Prep Time: Up to one year
Time Off Work: Eight days
When to Go: June–November
The waters surrounding Darwin and Wolf Islands, in the remote northern tip of the Galápagos chain, are as alive as the land they surround. “You’ve got whale sharks, schools of hammerheads, mantas, and booby birds swimming by you 60 feet underwater,” says Wayne Hasson, president of the charter dive fleet Aggressor. “Currents are strong [up to three knots], but you don’t have to be Superman to dive here,” adds photographer Jonathan Bird, a six-time Darwin/Wolf vet. “You’re on rock, not reef, so you roll out of the Zodiac, haul ass to the bottom, and hold on.” Still, this is no place for beginners; many outfitters require clients to have several dives under their weight belts to qualify for bottom time.

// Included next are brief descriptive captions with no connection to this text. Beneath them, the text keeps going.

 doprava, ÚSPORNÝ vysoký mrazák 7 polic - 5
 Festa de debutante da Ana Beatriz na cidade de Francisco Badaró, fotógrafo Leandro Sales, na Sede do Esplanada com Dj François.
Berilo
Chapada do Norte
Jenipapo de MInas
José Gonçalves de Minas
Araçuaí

Start Today: Log as many dives in pushy current as you can. If you’ve dived in other unruly waters – such as off California or the Atlantic seaboard – you’ve got a good idea of what to expect. Get on the wait list. Register your interest with an outfitter immediately for a high-season trip, your only real chance of swimming with a whale shark. The Ecuadoran government now limits dive permits, and trips sell out well in advance. But wait-list slots open up frequently.
Don’t Leave Home Without: Two wetsuits. Screw the “pack light” ethos and bring a 5mm or 7mm for the south and another 3mm for the north. You’ll also want a thick hood, and Kevlar gloves for holding on to barnacled rocks.
More Info: Plan to spend about $4,500 for a week, including dives, live-aboard lodging, meals, and local booze. You can’t book flights to the Galápagos on your own; have your dive charter book them for you, from Guayaquil or Quito.
MJ Insider: Fly in a day early. “Airlines always lose luggage,” Bird says. “Give it a day to catch up.” Pack plenty of warm technical clothing for nighttime air temps in the 60s.